*** Block opens ***

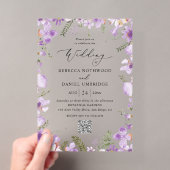 Invitations En Acrylique Code QR Chic Élégant Mariage Violet (In situ (ordinateur de poche))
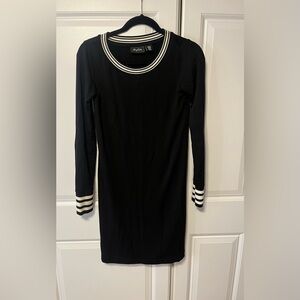 Black Long Sleeve women's sweater Dress with White Accents XS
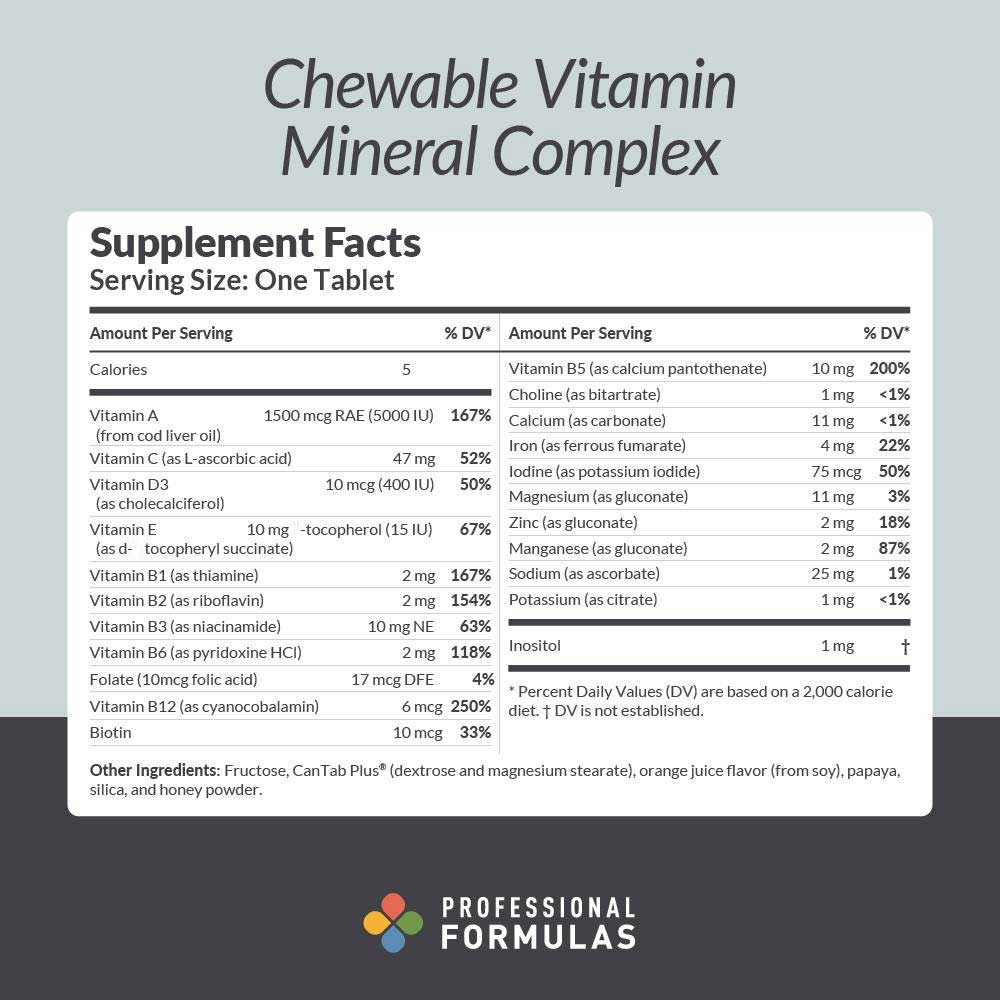 Professional Formulas Chewable Vitamin Mineral Complex Ingredients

*** Block closes ***

→ Task to carry out
Transcribe the whole listing exactly as it stands, apart from the pictures.

→ Output of the task
 Invitations En Acrylique Code QR Chic Élégant Mariage Violet (In situ (ordinateur de poche))
 Black Long Sleeve women's sweater Dress with White Accents XS
 Professional Formulas Chewable Vitamin Mineral Complex Ingredients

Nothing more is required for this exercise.